Duncan went to London in 1939 to play the leading role in the Sun Never Sets, at the Drury Lane Theatre. Regular concert tours took him to Europe, South America, Australia, and New Zealand. He starred in the Kurt Weill musical adaptation of Alan Paton's Cry, the Beloved Country, which was given the title Lost in the Stars. He was also the first performer for the role of Stephen Khumalo in Lost in the Stars. American writer Maxwell Anderson wrote the words for the music by German composer Kurt Weill.

In 1942, Cheryl Crawford's revival of Porgy and Bess found Duncan back in the role of Porgy. Many critics thought that this simpler version was understood by more people than the original version. Theodore Strauss wrote in the New York Times in 1942: "After seven years Mr. Duncan has re-created one of the winning and pathetic figures of the modern theatre. Crawling about the stage on Porgy's useless legs, he is the easiest and most relaxed figure in the play. Out of Porgy's affliction and innocent mind he has kindled a sunnily haphazard disposition that warms the stage and radiates through the reaches of the house." Another Times critic commented that "with the passing years Todd Duncan has grown in the part of Porgy, and his cripple has an added dignity and spiritual strength." The critic continued, "Keeping himself in good voice throughout this saga of the poor cripple and his love for wayward Bess was a hard job, for Duncan sings the entire role on his knees."

In 1944, Duncan made his debut at New York's Town Hall as a concert baritone; the following two decades he toured widely in the United States, giving solo recitals and appearing with symphony orchestras. His longtime accompanist was William Duncan Allen.

His fame as Porgy helped him to get the part of Tonio in I Pagliacci with the New York City Opera Company in 1945. Duncan became the first African American male to sing with a major opera company that had no other black performers. Watson of Voice of America writes that "no one was sure how he would be received, but the people in the theater offered loud, warm approval of his performance."

The most amazing aspect of this performance was that Duncan did not sing a black role. He portrayed and sang a role traditionally performed by a white man. This historic performance took place ten years before black singer Marian Anderson performed at the Metropolitan Opera in New York. Watson reports, "Todd Duncan opened doors for other black musicians when he appeared in I Pagliacci; and until that night, black singers of classical music had almost no chance of performing in major American opera houses and theaters."

In the same year he sang as Escamillio in Bizet's Carmen with the New York City Opera Company.
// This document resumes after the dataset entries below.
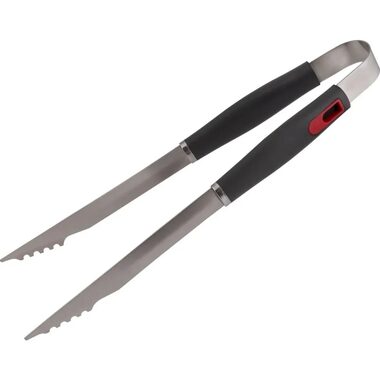 Lamart BBQ Grilovací kleště / 40cm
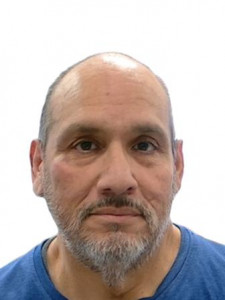 Christopher Delacruz a registered Sex Offender of Arizona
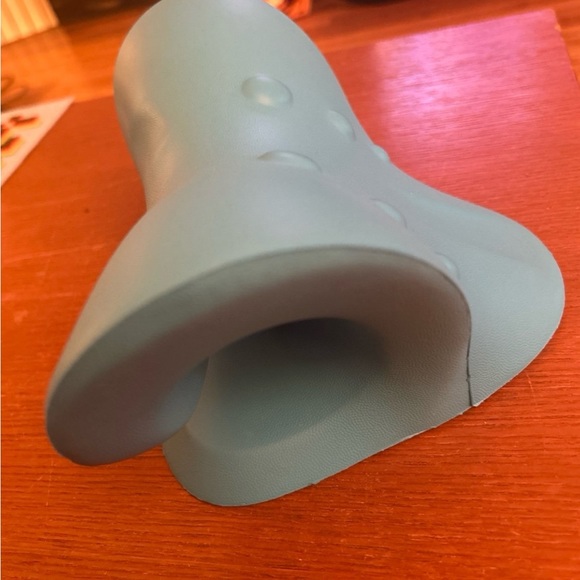 Neck stretcher - Picture 3 of 6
One of Duncan's most memorable concerts was his rendition of the baritone part in Beethoven's Ninth Symphony with the New York Philharmonic Orchestra in 1946.

Duncan appeared in a number of Broadway musicals and films, including The Sun Never Sets (London production, 1938); Cabin in the Sky (1940); revival of Porgy and Bess (1942–43); and Lost in the Stars (1949–50). His performance in Lost in the Stars won him the Donaldson and New York Drama Critics awards. He also appeared in the films Syncopation (1942) and Unchained (1955). In the movie Unchained Duncan introduced the song "Unchained Melody" for the first time. The song, which later became a rock and roll standard, earned an Academy Award nomination for Duncan.

Resumes Teaching Career

After a twenty-five-year career on Broadway, in films, and with more than two-thousand recitals in fifty-six countries, Duncan resumed his career as a teacher. He retired from Howard University in 1945 and opened his own voice studio teaching privately and giving periodic recitals. In 1978, the Washington Performing Arts Society presented his seventy-fifth birthday gala. Duncan died upstairs at his home on February 28, 1998. He taught hundreds of students over the years, and some musicians say they can recognize his students because they demonstrate his special method of singing.

Todd Duncan was inducted into the Kentucky Music Hall of Fame. Duncan's achievements in the world of classical music were highlighted in Kentucky after the former chair of the music department of Bethune-Cookman College in Florida went to Kentucky to visit the places she had written about in her dissertation on his life. After her visit, the Duncan Celebration Team was formed to revive his memory in the state of Kentucky.

In 2003, the theater in the Center for Rural Development paid a musical tribute to the life of Todd Duncan and raised over $1,500 toward the Dunbar High School Alumni Scholarship fund. Dunbar was the former all-black high school in Somerset, Kentucky where Duncan spent his early years. He was also awarded an NAACP award for his contribution to the theater (1945), the president of Haiti's Medal of Honor and Merit (1945), and the Donaldson and the Critics Awards for his performances in musicals (1950).



Altman, Susan. The Encyclopedia of African American Heritage. New York: Facts on File, Inc., 1997.

"Duncan, Robert Todd." In The African American Almanac. Eds. Jessie Carney Smith and Joseph M. Palmisano. Farmington Hills, Mich.: Gale Group, 2000.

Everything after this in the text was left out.